This is The Internet Report, where we analyze recent outages and trends across the Internet, through the lens of ThousandEyes Internet and Cloud Intelligence. I’ll be here every other week, sharing the latest outage numbers and highlighting a few interesting outages. As always, you can read the full analysis below or tune in to the podcast for firsthand commentary.
Internet Outages & Trends
During high-traffic seasons like Black Friday or the launch of a much-anticipated product, maintaining quality digital experiences for customers is critical. We’ve all heard stories of websites that crashed during a major sale—leaving online shoppers unable to make their purchases. To avoid a complete breakdown like this, companies sometimes use various traffic management strategies, like digital waiting rooms, during high-traffic periods.
Replicating an approach that physical stores sometimes use to limit foot traffic during busy periods, digital waiting rooms have shoppers bide their time in a virtual waiting space before being admitted to the site. This reduces the amount of traffic the site has to support at any one time, and it allows a gradual ramp to hopefully avoid overloading any infrastructure components involved.
This approach has both pros and cons. On the one hand, some users’ experiences may be less immediate than they’d expected. However, in the end, they’re still able to complete their purchase, rather than being confronted by a totally broken process. And a slower experience for some hopefully maximizes the number of people able to have a positive experience throughout, instead of the process being fully stalled for everyone.

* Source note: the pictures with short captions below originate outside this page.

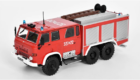 Model Star 266 Hasiči 1:43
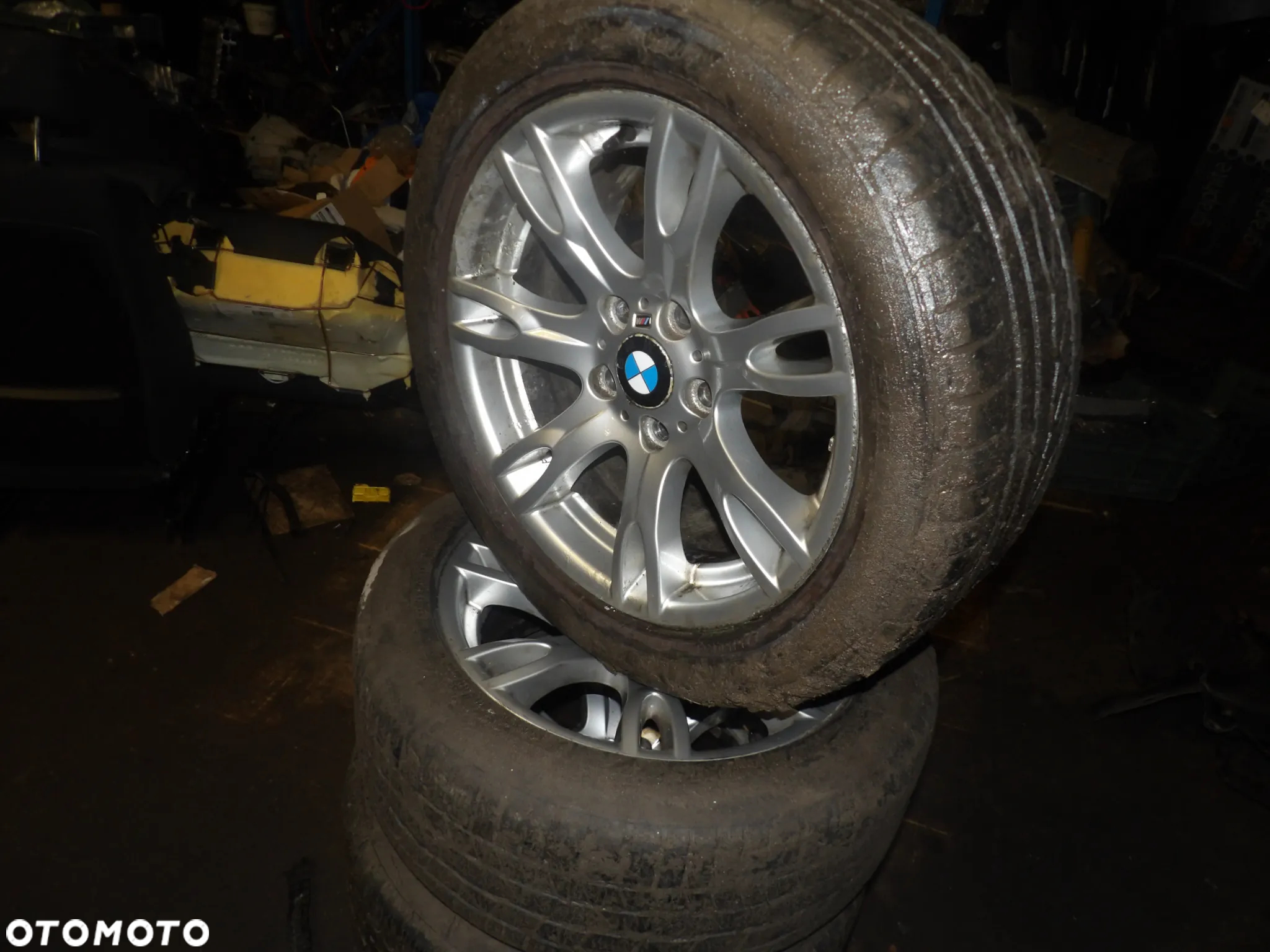 FELGI 17" MPAKIET BMW E84 X1 - 2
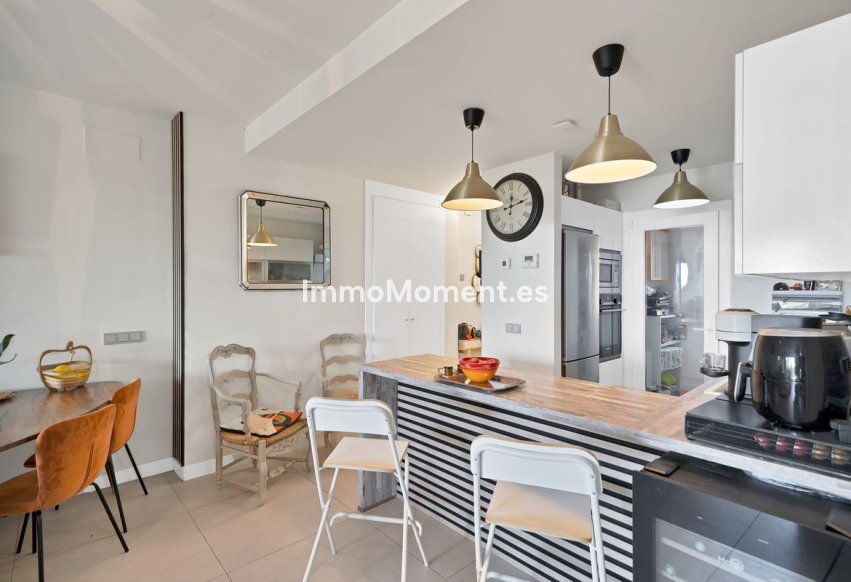 Wiederverkauf - Wohnung - Benalmadena - Benalmadena Centro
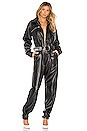 view 1 of 3 Barbara Jumpsuit in Black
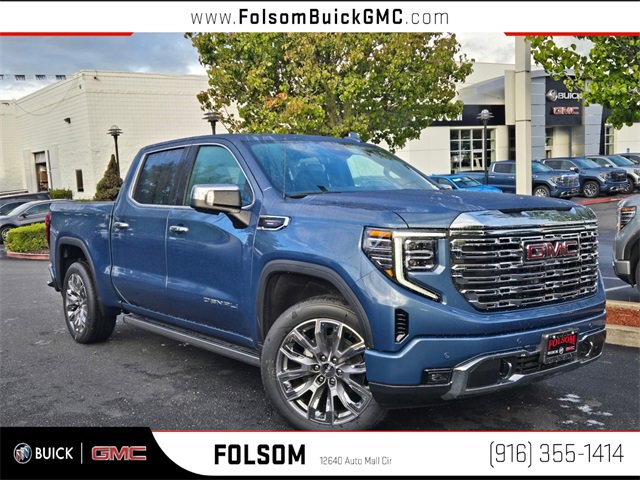 New 2026 GMC Sierra 1500 Denali w/ Denali Reserve Package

Online ticketing platforms offer a prime example of virtual waiting rooms and other traffic management strategies in action. Ticketing websites can see enormous fluctuations in traffic levels, depending on the events they are selling tickets for. During the recent Oasis reunion tour ticket sales, ThousandEyes observed different approaches to managing the traffic between various ticketing platforms, illustrating the tradeoffs ITOps teams have to make as they try to maintain the best possible digital experience for as many users as possible during high-traffic seasons.
And it wasn’t just ticketing platforms that had to deal with anomalous traffic patterns in recent weeks. Users experienced issues accessing Microsoft’s cloud services when attempting to route traffic over AT&T peering infrastructure, while a route leak, performance incident, and even a fire also caused problems for ISPs, cloud-based application makers, and cloud service providers, respectively.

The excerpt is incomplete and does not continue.